### Stored data entries
· · ·
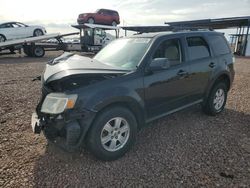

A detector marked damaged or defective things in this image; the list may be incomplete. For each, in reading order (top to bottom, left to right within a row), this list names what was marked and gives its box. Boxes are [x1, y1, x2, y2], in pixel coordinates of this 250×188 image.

crumpled hood [43, 52, 128, 83]
broken headlight [41, 93, 77, 114]
damaged black suv [31, 30, 234, 160]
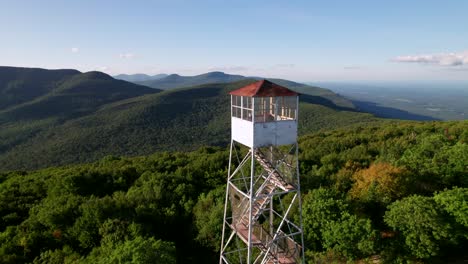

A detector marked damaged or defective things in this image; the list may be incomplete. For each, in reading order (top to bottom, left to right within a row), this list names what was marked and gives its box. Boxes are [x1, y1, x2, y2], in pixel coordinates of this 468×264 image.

rusty red roof [229, 80, 298, 98]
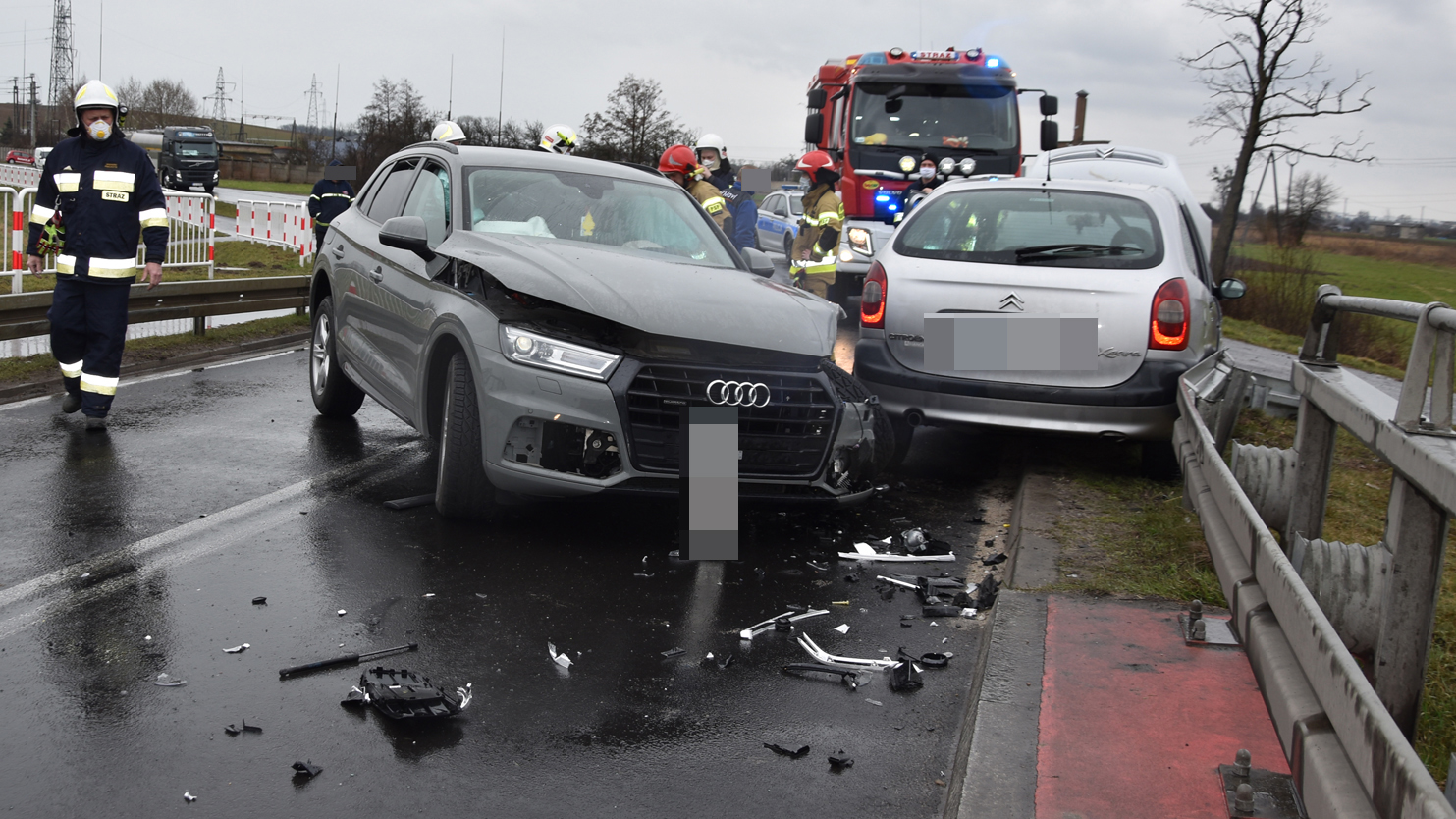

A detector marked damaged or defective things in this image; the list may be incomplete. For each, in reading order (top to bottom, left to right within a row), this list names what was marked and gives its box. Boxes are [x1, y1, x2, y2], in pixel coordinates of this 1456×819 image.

crumpled car hood [438, 232, 833, 355]
broken headlight [499, 322, 620, 379]
damaged audi suv [306, 144, 884, 519]
shattered plastic fragment [546, 640, 569, 668]
broken car debris [340, 668, 471, 719]
shattered plastic fragment [351, 668, 465, 719]
shattered plastic fragment [766, 738, 813, 758]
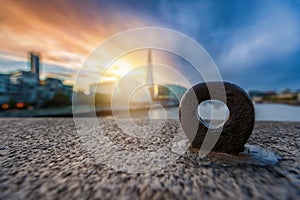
· · ·
### Activity
Output only the lines that run from the line containing "this 1456×819 image." to the last line of the data, exactly as they stand and without pictures.

### Exercise output
A detector marked damaged or defective things in this image; the list may be incomplete. For each, in reading order (top to bottom, left to right within a row), this list names what was marked and gives its box. Boxes are [x1, y1, x2, y2], in pixel coordinates of this 1456×819 image.

crumpled car hood [438, 232, 833, 355]
broken headlight [499, 322, 620, 379]
damaged audi suv [306, 144, 884, 519]
shattered plastic fragment [546, 640, 569, 668]
broken car debris [340, 668, 471, 719]
shattered plastic fragment [351, 668, 465, 719]
shattered plastic fragment [766, 738, 813, 758]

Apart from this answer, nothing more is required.